REQUIRED ACTION
Skip the pictures and give back the rest of the listing exactly.

SOURCE MATERIAL
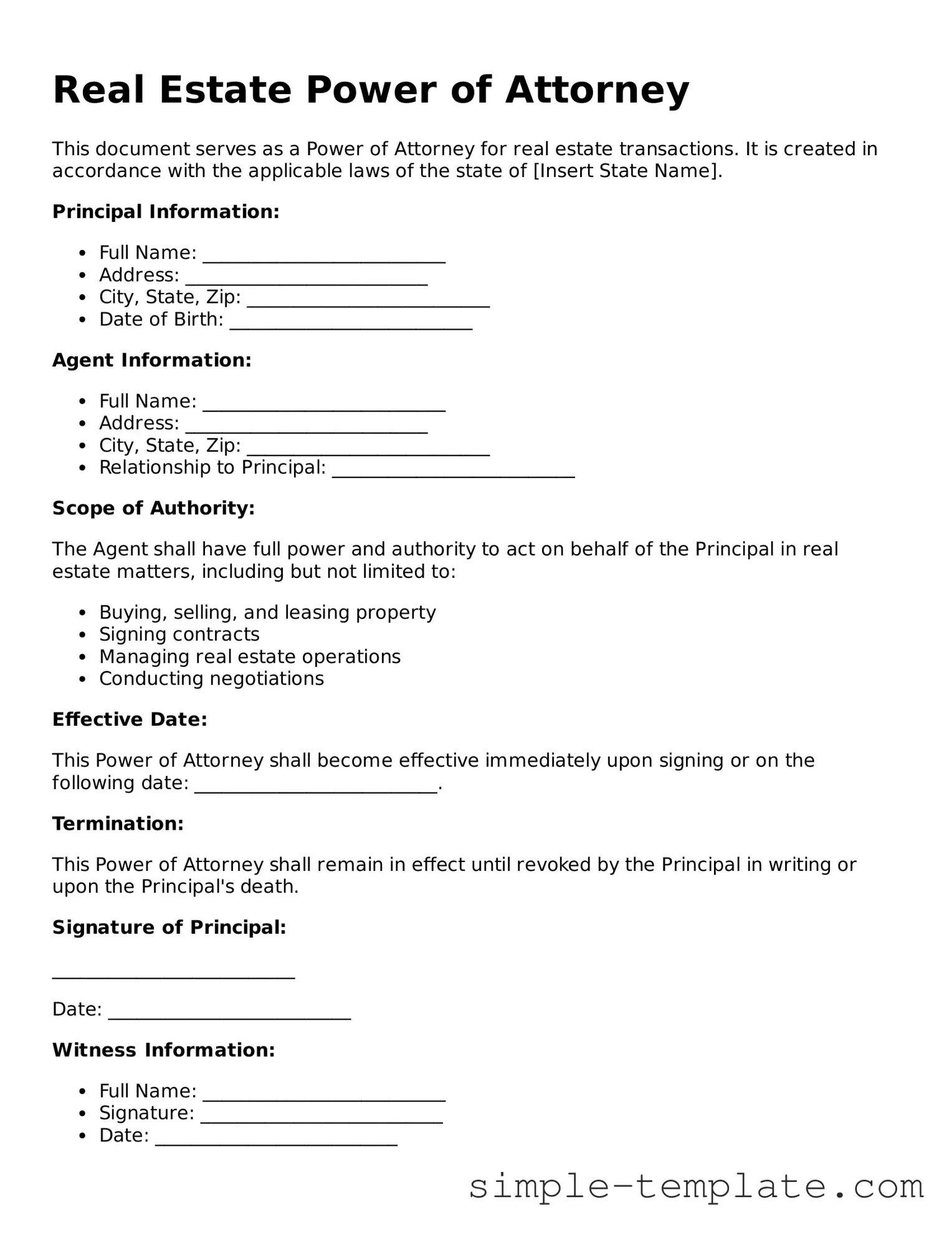 Real Estate Power of Attorney Form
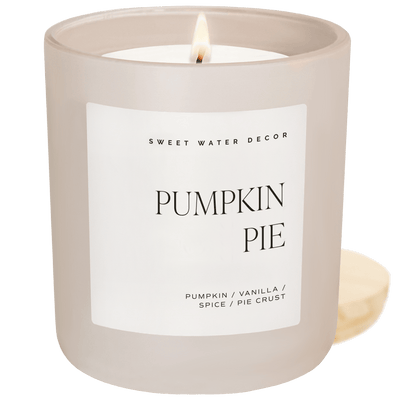 Pumpkin Pie Soy Candle - Tan Matte Jar - 15 oz (Hello Pumpkin) - Sweet Water Decor - Candles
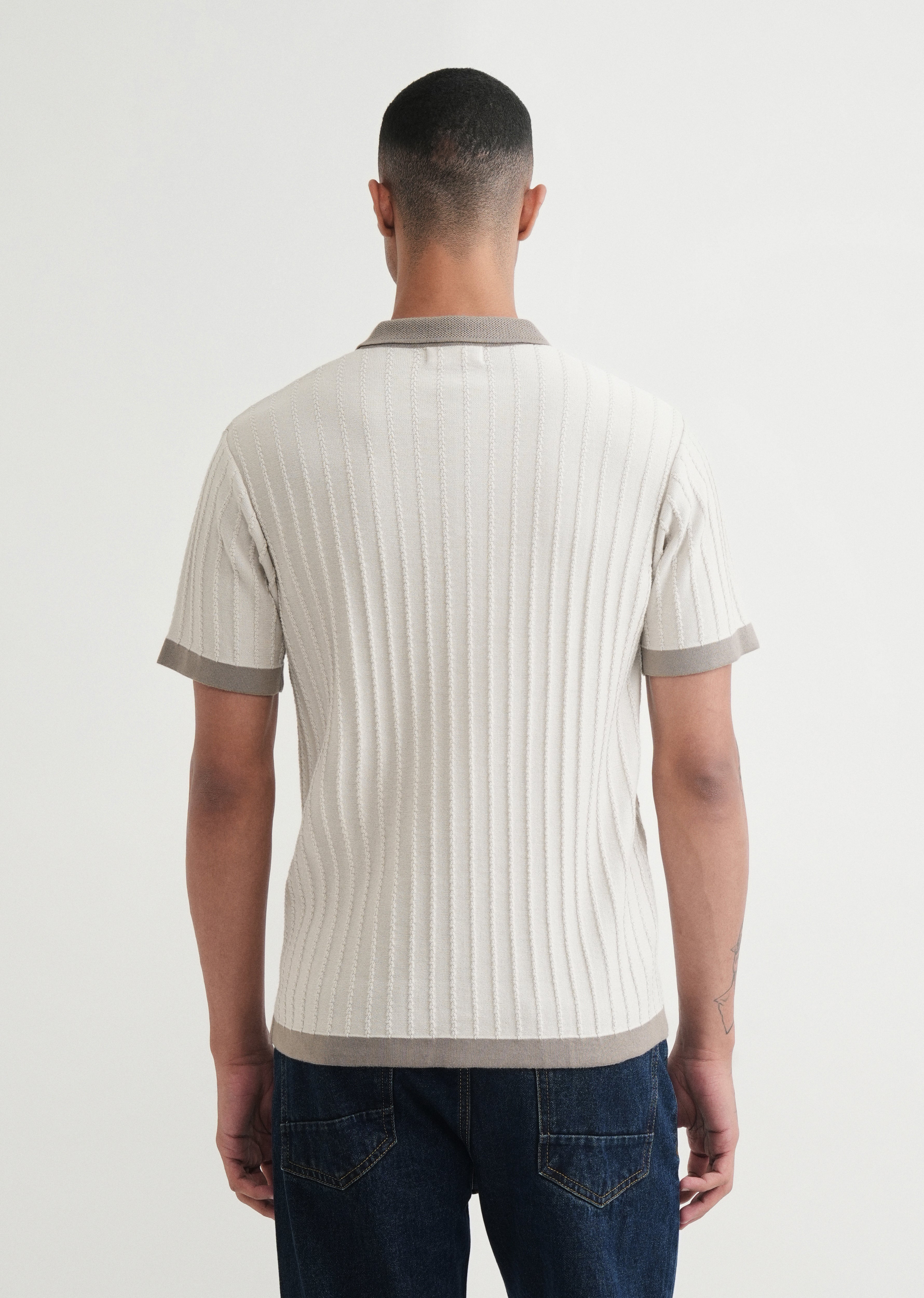 Cream Textured Knitted Polo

RESULT OF THE TASK
 Real Estate Power of Attorney Form
 Pumpkin Pie Soy Candle - Tan Matte Jar - 15 oz (Hello Pumpkin) - Sweet Water Decor - Candles
 Cream Textured Knitted Polo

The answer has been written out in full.